What do these tools look like in practice? The following code gives an idea of what a processing pipeline looks like:
// our Markdown parser that spits out mdast
const remark = require("remark");
// an mdast to html serializer
const html = require("remark-html");
// the plugin we'll write
const subtitlePlugin = require("./remark-subtitles");
const text = `
# Hello
###- How are __you__?
Great!`;
remark()
.use(subtitlePlugin)
.use(html)
.process(text /* Markdown in */, function (err, file) {
if (err) throw err;
console.log(String(file)); /* HTML out */
});
});
The solution
Starting from this, we can now write our plugin. The following snippet shows the plugin code with comments annotating the interesting parts.
// These `unist-util-*` utilities are super useful when working with unist
// syntax trees
const is = require("unist-util-is");
const visit = require("unist-util-visit");
// We're going to need this to convert some mdast nodes to hast nodes later on
const mdastToHast = require("mdast-util-to-hast");
// Our plugin's constructor function. This would receive configuration options.
module.exports = function subtitlePlugin() {
// Plugins need to return a transform function that takes a unified compatable
// AST and manipulate or walk it.
return async function transform(tree) {
// Go through the Markdown document (in mdast form) and call my callback
// whenever you see paragraph nodes.
visit(tree, "paragraph", (paragraphNode) => {
const { children } = paragraphNode;
// Get the first child node under the paragraph and make sure it's a text
// node. If it's not, skip processing this paragraph node.

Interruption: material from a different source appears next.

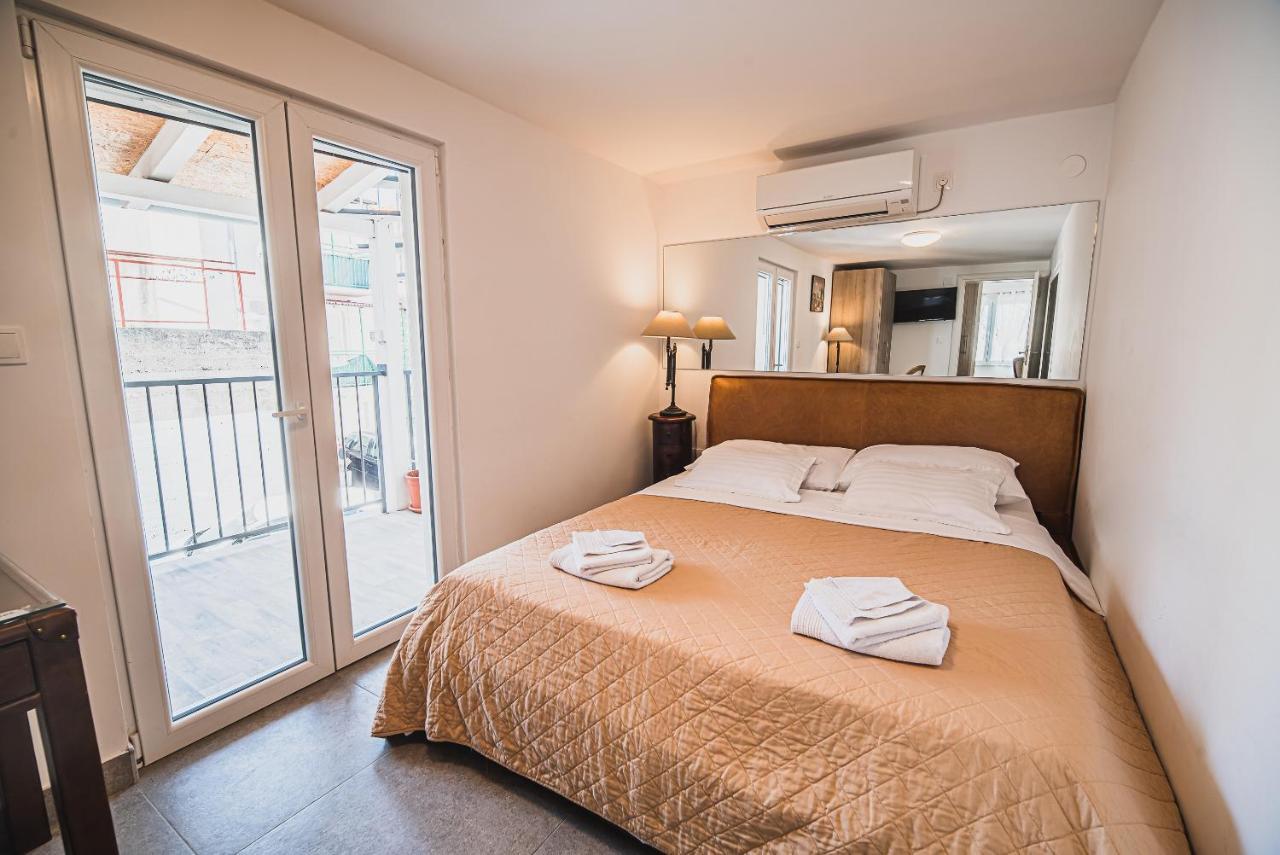 Downtown Luxury Apartments With Hot Tub Vodice Eksteriør bilde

const textNode = children && children[0];
if (!is(textNode, "text")) {
return;
}
// Does this text node start with a sequence of hash ('#') signs followed
// by a dash ('-')?
const text =
typeof textNode.value === "string" ? textNode.value.trimLeft() : "";
const re = /^(#{1,6})-\s+/;
const matches = text.match(re);
if (typeof text === "string" && !matches) {
return;
}
// If it did let's count the number of '#'s as that will be our subtitle
// depth
const depth = matches[1].length;
// Once we have what we need, let's make a copy of this text node without
// the leading subtitle syntax.
// i.e. '##- hello world' becomes 'hello world'
const newValue = text.replace(re, "");
// We can now attach some metadata to an mdast node. If the node is being
// serialized to html by a hast-compatible library, it will know to use
// these overrides instead of the default behaviour of rendering a plain
// <p> tag.
paragraphNode.data = {
// we could use a different html tag but "p" is semantically correct for
// the subtitle
hName: "p",
// The <p> tag will have the following attributes added to it.

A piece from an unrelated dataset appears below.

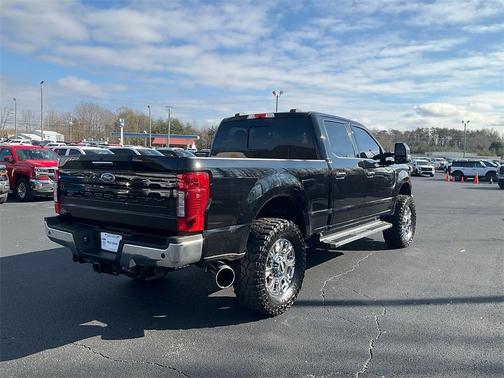 2022 Ford F-250 Lariat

// Note that we need to use "className" for the html "class" attribute.
hProperties: {
className: `subtitle subtitle--${depth}`,
"data-remark-subtype": "subtitle",
"data-subtitle": depth,
},
// When we are passing custom children, it is our responsibility to make
// sure they are in hast format instead of mdast. We use the library,
// mdast-util-to-hast, to do this conversion.
hChildren: [
// We pass in a modified text node without the leading subtitle
// characters
{
...textNode,
value: newValue,
},
// Then we pass in the rest of the children under this paragraph node
...children.slice(1),
].map(mdastToHast), // Finally convert it all to hast
};
});
};
};
If you'd like to play with a runnable version of this code check out this runkit demo.

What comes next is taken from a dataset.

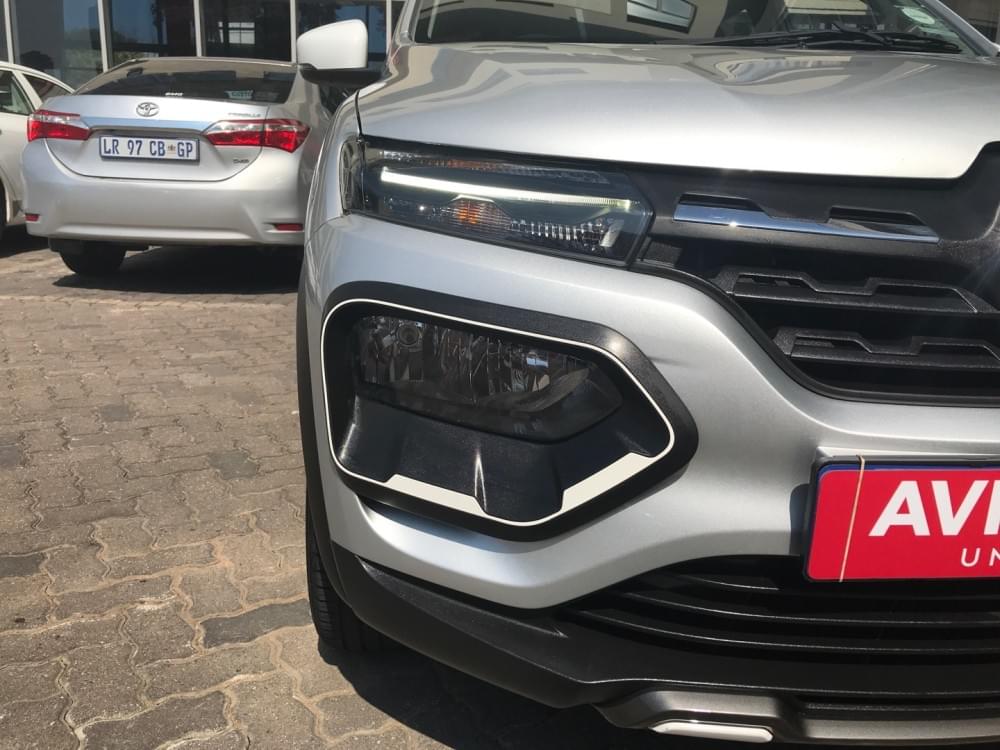 Renault N/A 1.0 Climber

Wrap up: Why is this cool?
Beyond adding new syntax, being able to analyse Markdown unlocks a lot of automation and authoring enhancements. Here are some ideas of where you can go with this:
- Write your incident response documents in Markdown and use
- []
to create action items. Now, you can write a parser and pipeline that runs in CI to create tickets for these and update the document with links to them. - Use remark to lint Markdown documents for things like too many spaces (e.g. extra   space)
- Use remark to take links to an excalidraw diagram and embed a preview on hover feature
Check out these awesome remark plugins if you're looking for inspiration. I hope this helps you get started!